Some 10,000 Americans will retire each day, some more successfully than others. Here are three mistakes you should avoid to ensure you’re one of the successes:

Mismanaging Social Security benefits

Many retirees collect Social Security benefits as soon as they are eligible at age 62, but doing so comes at a cost: You’ll collect less each month than you would have if you had waited until age 65. Many believe that if you live a long time, it evens out, but you may not want to bet on that, especially if you don’t need the benefits to cover living expenses. Delaying benefits until age 70 can boost your payout by as much as 70 percent. So think twice before you take benefits at age 62.

Failing to create a budget

Some new retirees feel flush with cash…and spend. Remodeling projects are common splurges, as are one-time big-ticket purchases, such as boats and cars. These large purchases, however wonderful, can make a big dent in the money you’re going to need to live on.

Even daily expenses can add up without a budget. Research indicates that when people suddenly have free time, they tend to increase spending. These problems can be avoided by creating and maintaining a budget that’s realistic for today’s market environment and your lifestyle.

Not having a life plan

If you’re a typical new retiree, you’ve probably spent a lot of time thinking about the financial side of retirement, but there’s more to your golden years than living within your means. What are you going to do with all your free time?

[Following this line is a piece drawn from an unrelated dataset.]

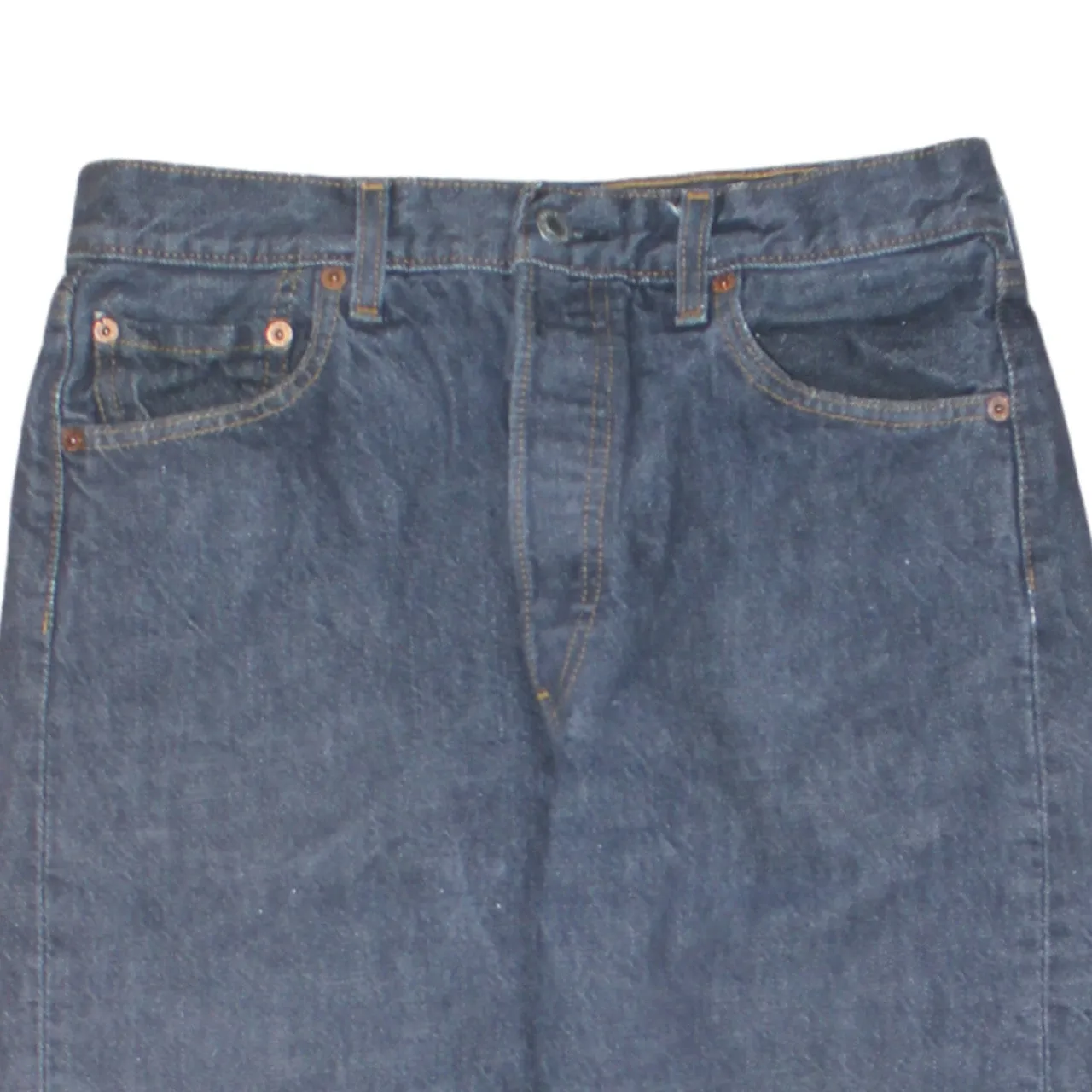 Levi Strauss &Co 90's 501 Straight Leg Baggy Jeans / Pants 30 Blue sold by Vintage Club product image thumbnail 3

Not knowing that can lead to a whole range of emotional difficulties. Smart retirees “test drive” their new lifestyle by taking more leisure time as retirement approaches. They realize they’ll need to develop new routines, hobbies and networks. Test driving helps them envision a successful future.

Be Forewarned: Reverse Mortgage Rules Are Changing

Many people have taken advantage of reverse mortgages as a means of converting home equity into cash. However, the rules are changing, and homeowners may not be able to borrow as much.

When you get a reverse mortgage, the bank will give you the option of receiving a lump sum, a line of credit or monthly payments. It is paid off (including interest) when you die, move or sell your house.

Currently, there are two types of reverse mortgages: “standard”, which allow borrowers to receive 56-75 percent of a home’s appraised value; and “saver”, where they receive less.

These will be merged as part of the rule changes. As a result, borrowers may find that they can’t access as much of their home’s value as they could with a standard reverse mortgage, but may receive more than with a “saver.”

Also likely is a cap on the amount borrowed in the first year of a loan, although the percentage is currently undetermined. If your home is worth $200,000, and you are eligible to borrow 75 percent ($150,000), the imposition of, for example, a 60 percent cap would mean you could only borrow up to $90,000 (60% of $150,000) in the first year.

As well, homeowners who need more than 60 percent of the loan to pay off their regular mortgage can take up to the entire amount they’re eligible to borrow immediately. However, a fee will be charged.

(Editor’s note: Changes were expected this fall; others will come later. This represents the situation at press time.)